I’ve done it, I’ve run a marathon!! Official chip time 04:23:13!!! I’m filled with a huge sense of achievement and more than a modicum of pain! I wait for Alison on the rails and cheer her in, if she hadn’t encouraged me to keep going on that beach section I don’t think I would have finished in under 4:30.
I also have to give all my praise to Rochann for putting up with my training schedule over the past 3 months or so, the increased amount of washing, coming to races with me and for the huge amount of support that she gave me on the day as well as the videos!
If you would like to view my run you can see the map here – Portsmouth Coastal Waterside Marathon – RunKeeper
I ran this race in honour of my friend Jason Denham, I like to think he would be very proud of me and what I’ve gone through today to raise some money for Macmillan Cancer Support who cared for him in his final days.
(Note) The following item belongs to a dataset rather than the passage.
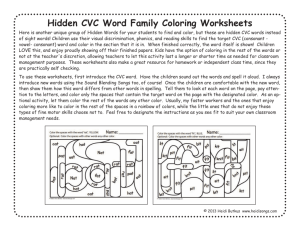 Hidden CVC Word Color Worksheets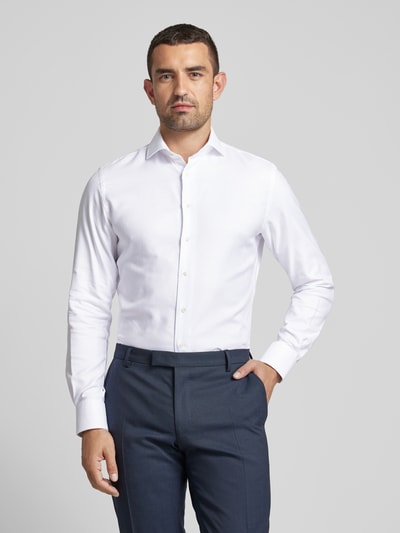 Profuomo Slim fit zakelijk overhemd met haaikraag Wit - 4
If you want to sponsor me and read more about why I ran this marathon please visit http://www.justgiving.com/PJ-TeamJD
I also have to take a moment to give a huge thanks to Rob Piggott from Believe & Achieve for putting on such a good event and to all the marshals that gave their time and stood out in the cold cheering us all on. Thank you guys.
Sorry it’s been a bit of an essay, but thank you for taking the time to read my race report.